Bu iki yalnız, kimsesiz kadının İstanbul’da verdikleri mücadeleyi konu alan Refet’in anlatımı çok güzel, çeviri de iyi olunca kitap kendini okutuyor. Özellikle benim gibi Osmanlı dönemi aile hayatını okumayı seviyorsanız bir gecede bile bitirebilirsiniz.
Refet için Çalıkuşu’na ilham olduğu söyleniyormuş. Bir yere kadar katılıyorum konu olarak benzer genç bir kızın öğrentmen olma hayalleri ama Feride’nin hikayesinde aşk ve Anadolu hayatı daha baskın iken, Refet’in hayatında yaşam mücadelesi, İstanbul hayatı daha önde.

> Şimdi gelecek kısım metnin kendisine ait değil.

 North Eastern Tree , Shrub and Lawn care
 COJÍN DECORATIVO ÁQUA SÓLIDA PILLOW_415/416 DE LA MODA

Refet’in karakter olarak kusursuz gösterilmemesi de okurken beni mutlu eden bir detay oldu. Hikayeyi daha gerçekçi hale getiriyor.
Okuyan herkes eminin ki Mucip’e benim gibi sinir olmuştur, son sayfalarını Refet’in başına bir iş gelecek korkusu ile okudum.